James “Jimmy” Lee

James “Jimmy” Lee is a Mississippi native who moved to Saint Paul in the 1920’s.  He attended Mechanic Arts High School, and also became a member of St. Peter Claver Catholic Church.

Jimmy Lee became one of the leading African American sportswriters in the Twin Cities during the late 1930s and ’40s, chronicling the exploits of the area’s black athletes at all levels. He was also a talented athlete, and later, one of the top sports officials or “sports arbitrators.”

As an athlete, Lee’s baseball career started with the Uptown Sanitary Shop, after which he played with the Twin City Colored Giants, among other teams. According to Jim Griffin, as quoted in the book A Son of Rondo by Kwame McDonald, “Jim was an excellent baseball player and had a special knack for getting along with people regardless of color or age.”

Lee was also an outstanding golfer – an instrumental talent in his career, as he began writing “Golf Divots”, an article on golf tips for the Minneapolis Spokesman – St. Paul Recorder.

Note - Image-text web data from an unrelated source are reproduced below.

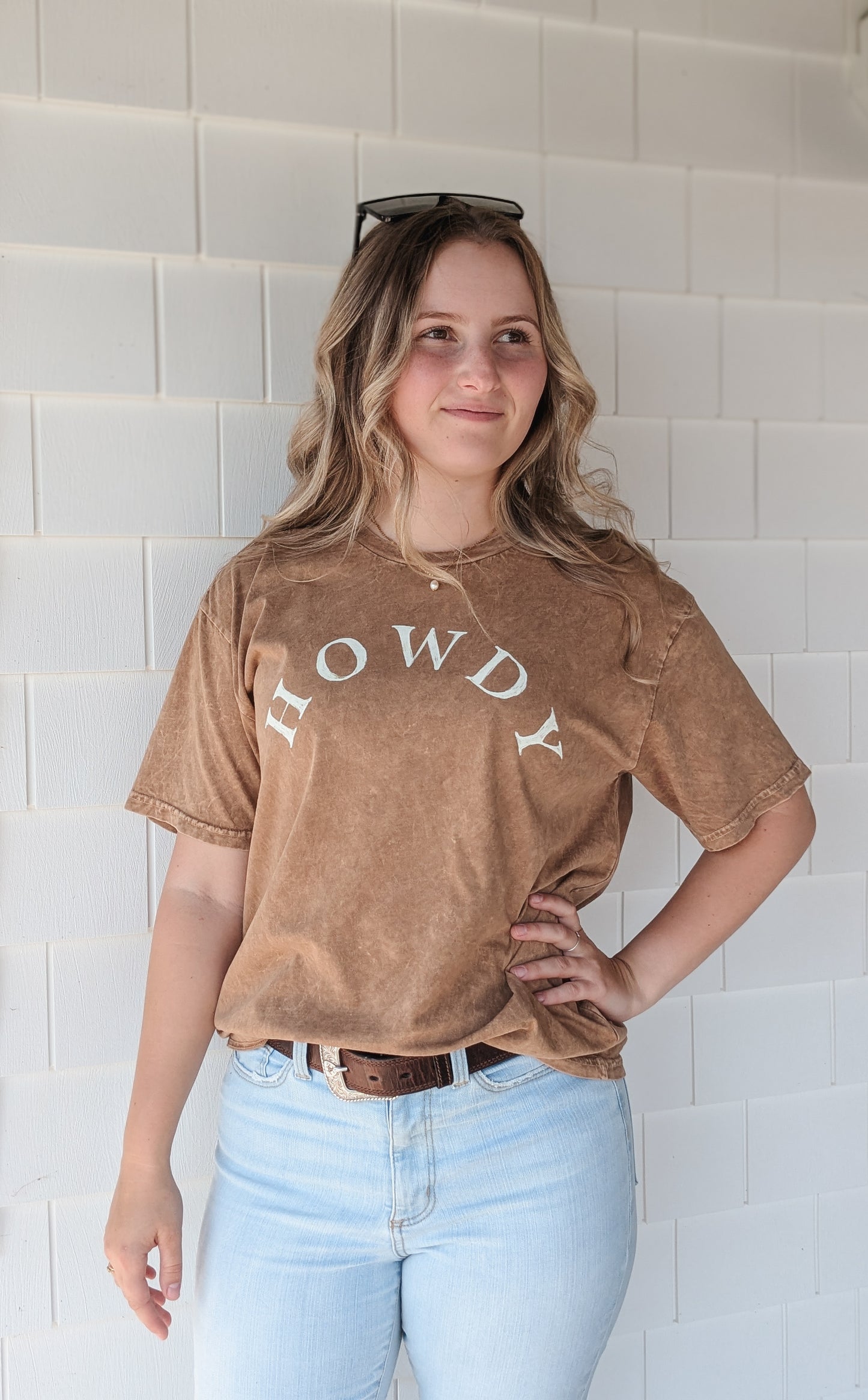 Howdy Mineral Washed Graphic Top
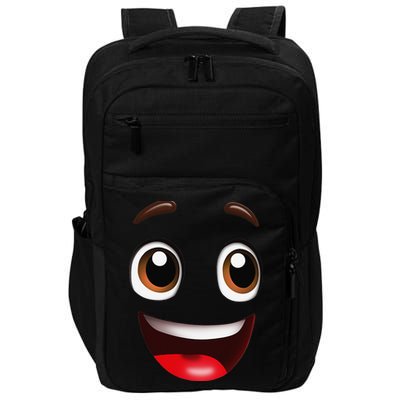 Cartoon Face Brown Eyes Impact Tech Backpack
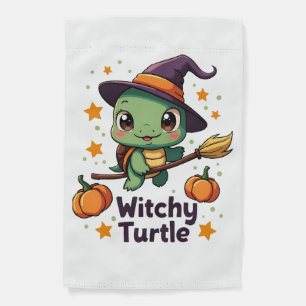 Shell Witch Turtle Garden Flag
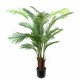 Leaf Design 110cm Artificial Areca Palm Tree Potted in Black Pot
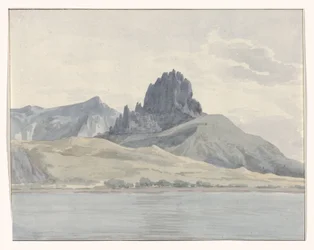 Utsikt över Pentidatilos kust på andra sidan udde Spartivento Vue de la côte de Pentidatilo au delà du Cap de Spartivento (titel på objekt) Voyage en Italy, en Sicile et à Malte - 1778 (serietitel)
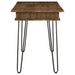 Sheeran 47-inch Writing Desk with Storage Rustic Amber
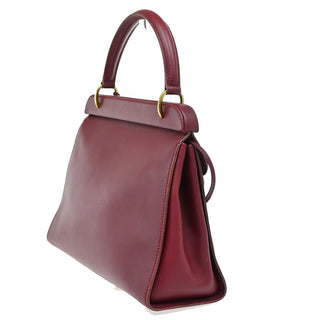 Gucci Belt Buckle Top Handle Bag Leather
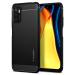Spigen Matte Black TPU Rugged Armor Back Cover Case For Redmi Note 10T 5G And Poco M3 Pro 5G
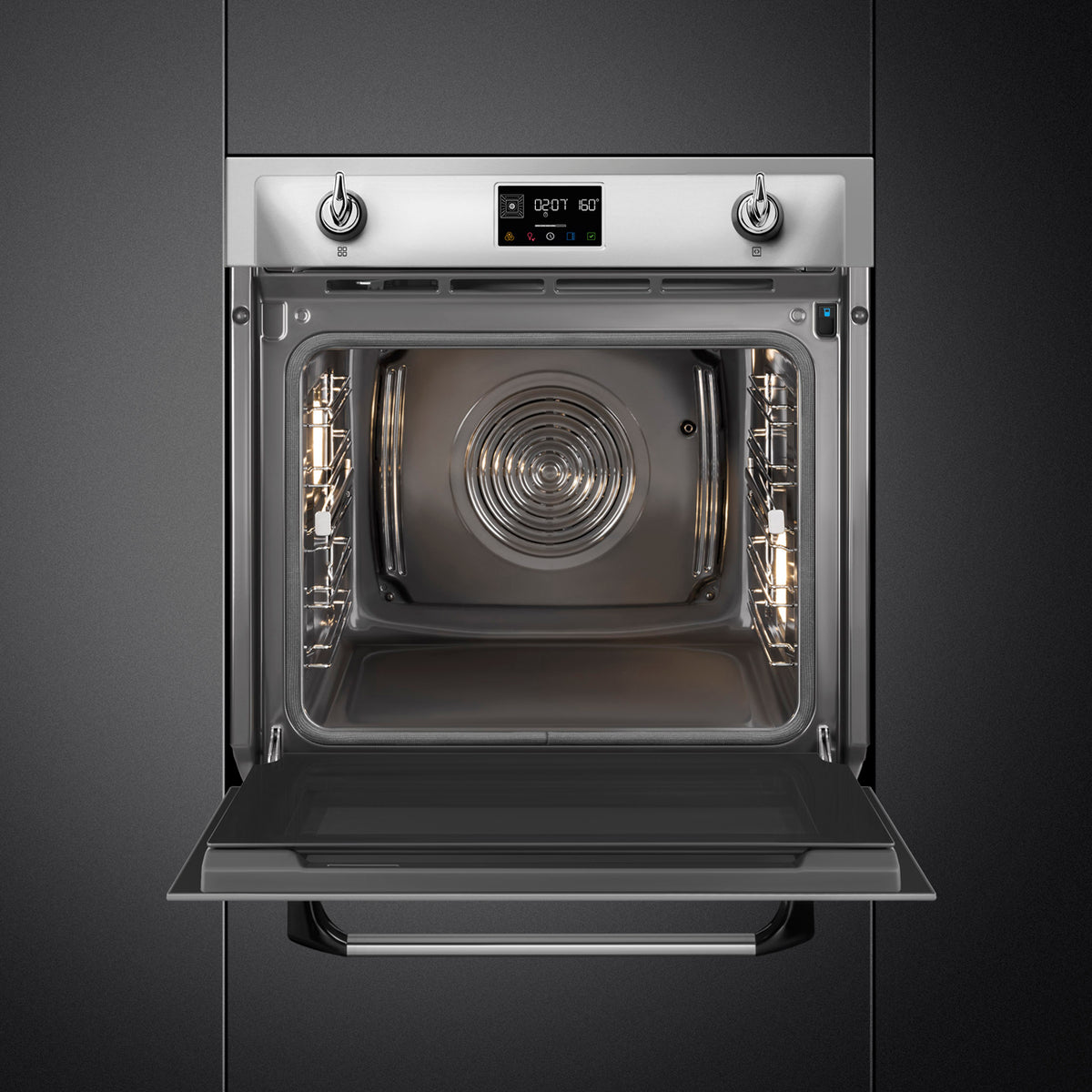 Victoria 60cm Built-In SteamOne Single Oven, Stainless steel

Soon, and for many years thereafter he was writing his “In the Sports Lights” column for the Recorder, keeping the community informed of highlights from local and some national athletes. (It is worth noting, his column was also an invaluable resource for this book.) Lee’s success on the golf course continued, and he would become one of the leading golfers in the Twin Cities. He went on to win the Negro Open Golf Tournament in 1939 (see photo); this tournament is called the Bronze Golf Tournament today.

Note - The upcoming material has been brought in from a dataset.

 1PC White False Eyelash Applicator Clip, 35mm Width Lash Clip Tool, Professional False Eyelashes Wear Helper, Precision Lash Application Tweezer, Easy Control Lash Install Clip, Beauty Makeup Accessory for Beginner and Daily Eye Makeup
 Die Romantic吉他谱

In addition to his playing and writing career, Lee was one of the most sought-after and respected sports officials in Minnesota. During much of his time officiating, he was nearly always the only black person on the field or court. His reputation would get the attention of the University of Minnesota’s head baseball coach, Dick Seibert, who hired Lee on a regular basis, making him the first black umpire to work in the Big Ten baseball conference. Lee’s efforts were so exemplary that he was also hired to work the National Collegiate Athletic Association District 4 baseball tournament (see photo) in 1960.

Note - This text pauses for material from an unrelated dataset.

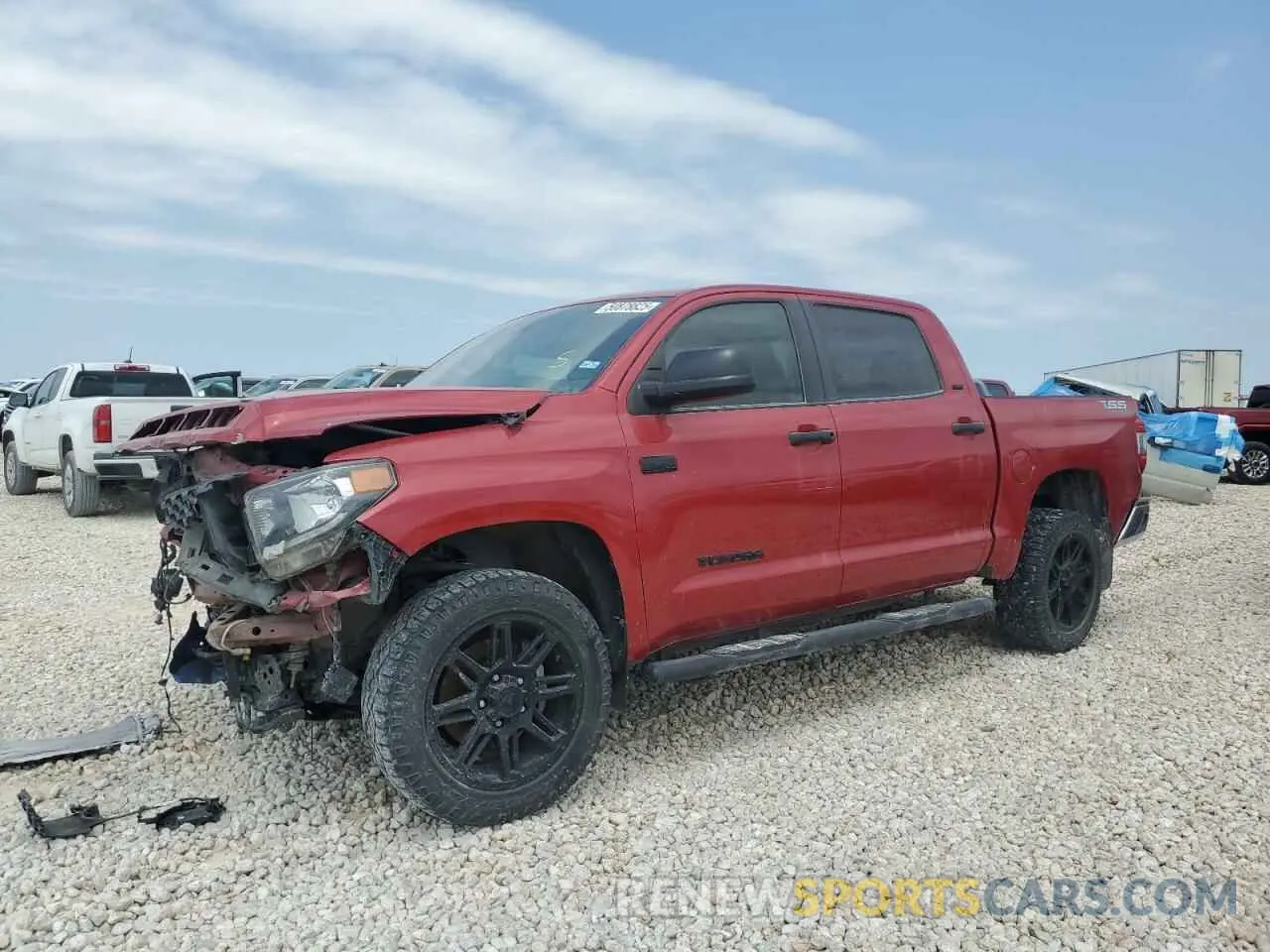 1 Photograph of a damaged car 5TFDY5F14LX883961 TOYOTA TUNDRA 2020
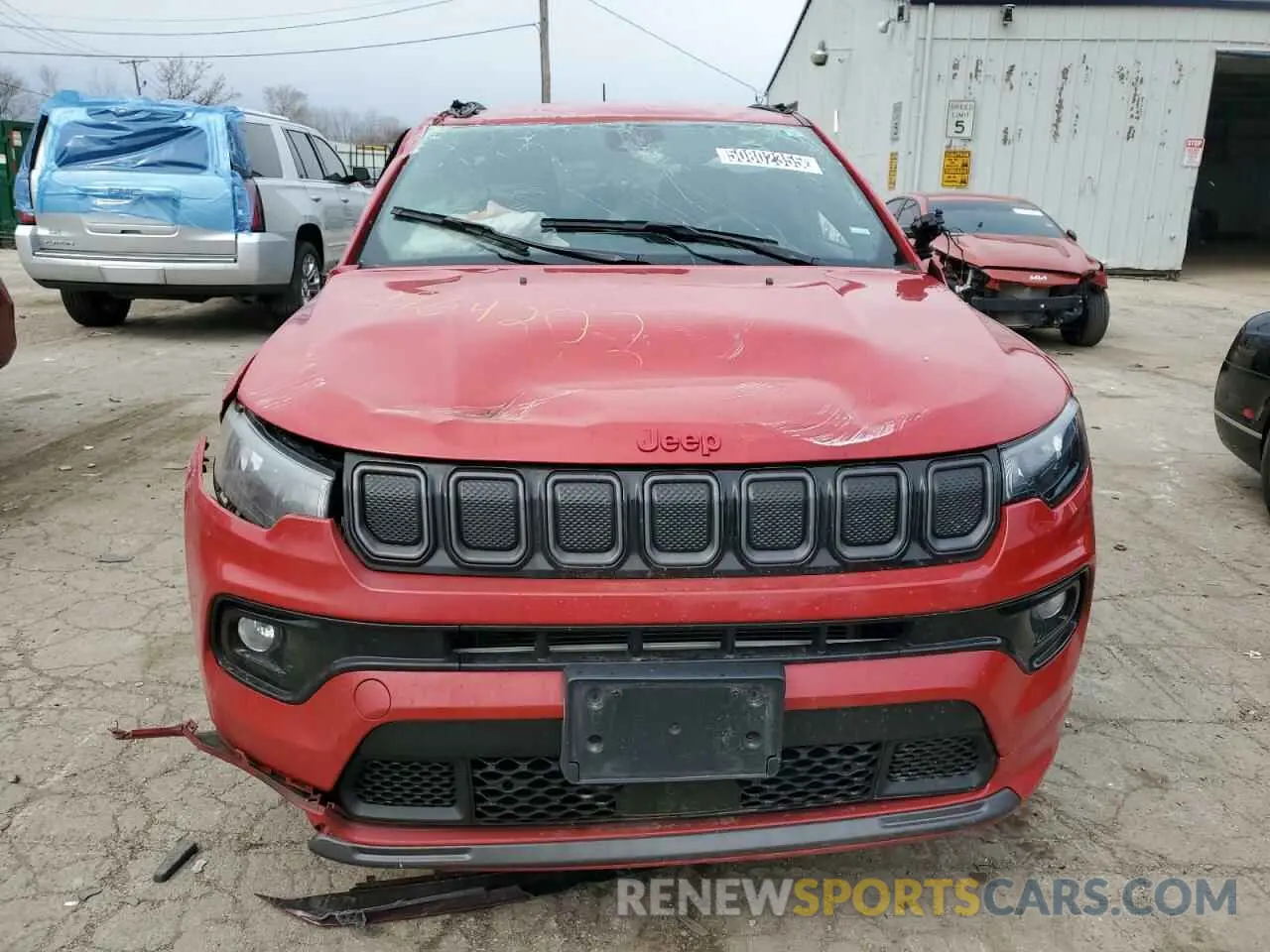 5 Фотография поврежденного автомобиля 3C4NJDCB7NT211830 JEEP COMPASS 2022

When the Minnesota State High School League had a one-class basketball tournament, Lee worked in twenty of the thirty-two districts and six of the eight regions. Due to his race, however, he never had the honor of officiating in the state basketball tournament. Joe Hutton Sr., Hall of Famer and Hamline University basketball coach, called Jimmy Lee one of the finest basketball officials in the Midwest.

In addition to working football, basketball, and baseball games at the high school and collegiate level, Lee also umpired in the Southern Minnesota Semi-Pro baseball league. Major League Stars such as Bill Skowron (New York Yankees), Toothpick Sam Jones, (Chicago Cubs), Howie Schultz (Brooklyn Dodgers) and many others noted athletes played in the Southern Mini. When Negro League teams barnstormed through Minnesota, Lee would work the games at the Lexington and Nicollet ballparks. As he traveled all over the state, Lee was not only a respected official but also a fine ambassador for the black community. He was extremely popular, and it was common for him to be greeted by half the fans in the stands.

In 1972, Lee was inducted into the Minnesota Football Coaches Association Hall of Fame – the first black official to achieve that distinction. Paul Giel, former major league pitcher and Gopher athletic director, was the main speaker at the induction ceremony. When Lee was called to the podium to receive his plaque, the three-hundred-plus attendees rose to their feet in a standing ovation.

In 1974, Jim Griffin would lead the effort to have the Oxford Recreation Center renamed the Jimmy Lee Recreation Center by the City of Saint Paul. In the book A Son of Rondo, Jim Griffin shared that if anyone asked him, “who was your hero?” the answer would be simple: “Without a moment’s hesitation, my response would be ‘Jimmy Lee!’”

I am proud to say that I worked with several people to get Jimmy Lee inducted into the Minnesota State High School League Hall of Fame in 2013, an honor long overdue. In remarks for the ceremony, Donald “Bill” McMoore, former outstanding athletic in Minneapolis and the University of Minnesota and director for Minneapolis Public Schools, put it best: “Jimmy Lee … was not only a fine person and a real gentleman; he was also one of the finest football, basketball, and baseball officials Minnesota has ever seen.”